Corporate Finance, Module 8, “Capital Budgeting and Risk”
Corporate finance module 8: Readings for Tenth Edition
(The attached PDF file has better formatting.)
Updated: October 12, 2010
The page numbers here are for the tenth edition of Brealey and Myers. You may also use the seventh, eighth, or ninth editions of this text. The page numbers for earlier editions are in separate postings. The substantive changes in the textbook are slight among these editions, but the final exam problems are based on the tenth edition.
{The Brealey and Myers textbook is excellent. We say to read certain sections and to skip others. This does not mean that certain sections are better; it means that the homework assignments and exam problems are based on the sections that you must read for this course. Some of the skipped sections are fascinating, but they are not tested.}
Read the introduction on page 213. This introduction is especially good. Read section 9.1, “company and project costs of capital,” on page 214-216, but skip section 9.2 on pages 217-221. We don't have good measures of systematic risk, and our estimates of betas are uncertain. The final exam problems assume the CAPM beta for a project is known or can be estimated from covariances of returns.
Read section 9.3, “Analyzing project risk,” on pages 221-227 and focus on the subsection “what determines asset betas” on pages 222-224. Operating leverage influences the risk of insurers. Many actuarial candidates presume that insurers are risky firms, since they assume risks from policyholders and are exposed to future uncertainties. But insurers have low operating leverage and relatively low CAPM betas.
Page 227 discusses international operations. Some U.S. businessmen and women believe that foreign investments are by definition riskier. This is not necessarily true. Many insurers are expanding into developing countries; diversification lowers their overall risk.

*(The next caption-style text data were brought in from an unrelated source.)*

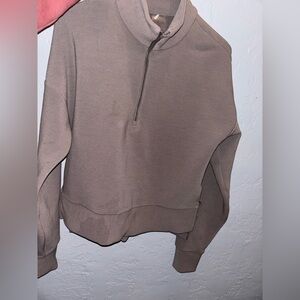 Brown Quarter-Zip Pullover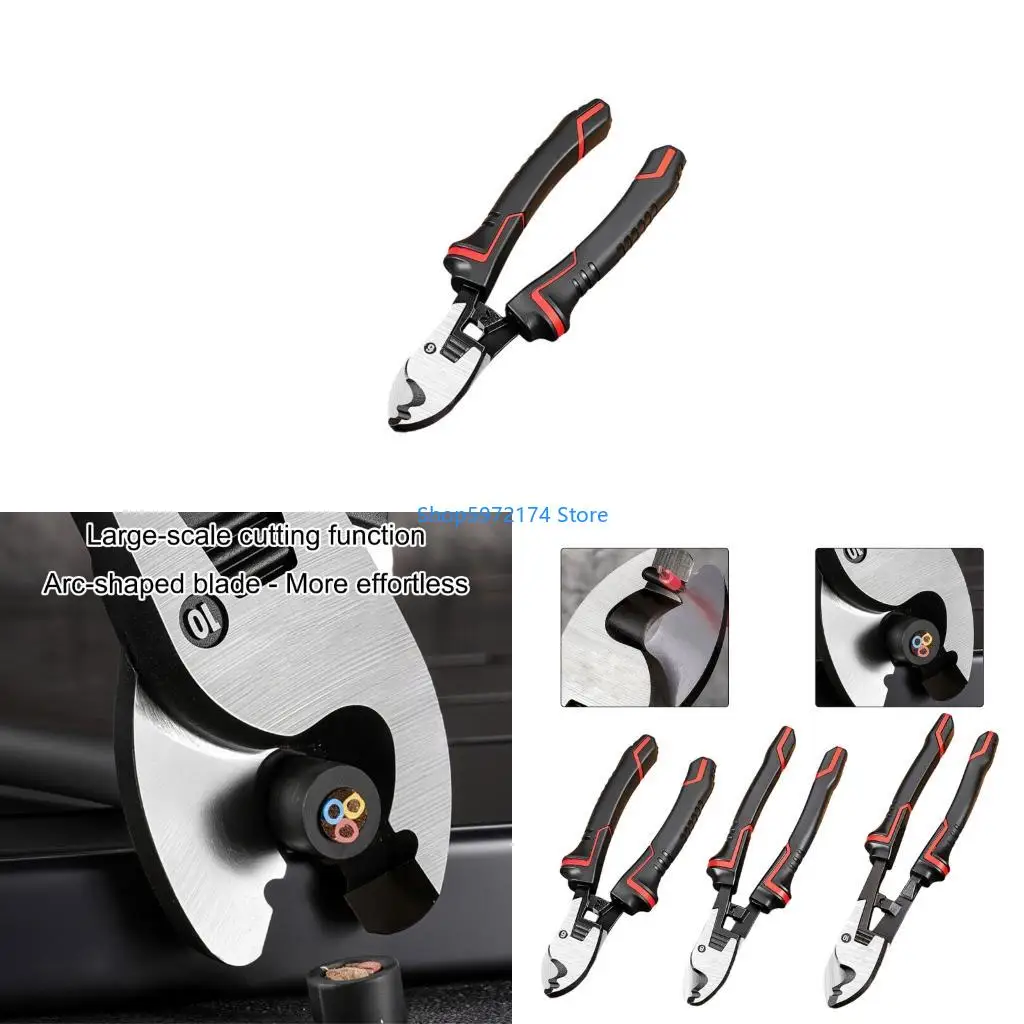 Y3NB Heavy Duty Quiet Operation Electrician Wire Shear Cable Cutting Tool Ergonomic Nonslip Grip Industrial DIY Applications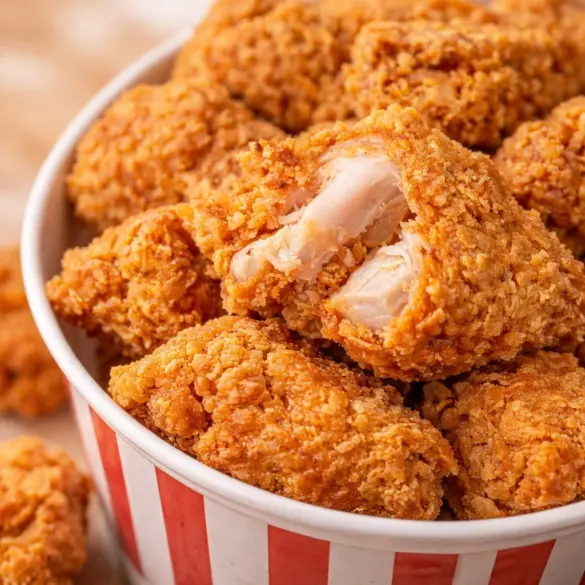 Delicious KFC-Style Crispy Fried Chicken served on a plate.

Skip the first half of section 9.4 on pages 227-228, but read the subsections on pages 229-230 (“When to use a single risk adjusted discount rate,” “a common mistake,” and “when you cannot use a single risk adjusted discount rate”).
Read the summary on pages 232-233.
Review problems 2 and 5 on page 233, problems 8, 10, 11, and 12 on page 234, problems 13, 14, and 18 on page 235, and problems 22 and 23 on page 236.
No final exam questions are drawn from the mini-case on pages 237-239 (but it is worth reading).
Jacob: My company requires a return of 12% on U.S. investments and 15% on foreign investments. Why does my company have this rule? Are foreign investments riskier?
Rachel: Brealey and Myers say that diversifying across countries reduces overall risk. If the firm requires a 12% return on U.S. investments, diversifying globally should reduce its overall risk, so it should accept a lower than 12% return on foreign investments.
But for two reasons, the firm’s policy may not be unreasonable.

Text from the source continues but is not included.